Три повести о любви
Шрифт:
Все эти подробности о себе Валька выслушал с видом затравленного зверя. Посещение бывших друзей, судя по всему, не принесло ему ни малейшего утешения…
Они облегченно вздохнули, когда санитарка напомнила им, что их время вышло. Сказав на прощание какие-то пустые и неискренние слова, они заторопились к выходу. Уходили придавленные чужой непоправимой бедой, зная, что уже больше никогда не увидят этого человека.
Валька умер через три недели после операции. Тело его сожгли в городском крематории, а урну с прахом тайком, за немалую мзду, зарыли рядом с великолепным отцовским памятником. Почти под той же плитой. Так просто и естественно состоялось возвращение блудного сына…
Ипатов ухватился за перила, попробовал встать. Боль, которая было совсем отпустила, быстро возвращалась, подстегиваемая, видимо, непрошеными мыслями о Дутове. Вот и отвлекся. Да и кто может взять на себя смелость отделить главное от неглавного в своей жизни? Что сегодня кажется неважным, несущественным, завтра, возможно, станет самым главным и решающим. И — наоборот!
Он
Возможно, они и вовсе не стояли на мостовой. Вышли из машины и сразу двинулись в подъезд. Но скорее всего, было еще короткое — оно помнится смутно, как во сне, — замешательство. Ведь простись она с ним на улице, он бы покорно поплелся домой. Надо думать, она просто взбежала по ступенькам в подъезд, и Ипатов молча последовал за ней.
А дальше он помнил все, вплоть до синей лампочки, по-блокадному освещающей крохотное пространство вокруг себя.
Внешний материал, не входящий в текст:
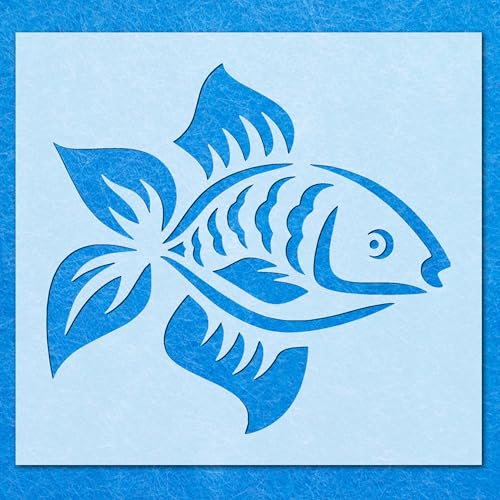 Goldfisch-Haustier-Schablone: Mylar-Airbrush-Wandkunst, Malerei, Basteln, 190 Mikron, A4-Schablone, Designgröße (185 x 170 mm) von LAZER NINJA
И еще — как у них прямо из-под ног выскочила и скрылась где-то под лестницей кошка.
«Не люблю кошек», — брезгливо бросила Светлана.
«От них все зло, — шутливо заметил Ипатов. — От них и мужчин!»
«Вот как?» — глуховато сказала она.
Где-то высоко хлопнула дверь.
«Ну, я пошла», — проговорила Светлана и поднялась на одну ступеньку.
«Если я ее сегодня не поцелую, — лихорадочно думал Ипатов, — то буду шляпой, форменной шляпой».
Он положил руку на перила.
Светлана отступила на следующую ступеньку, но чего-то ждала, не уходила.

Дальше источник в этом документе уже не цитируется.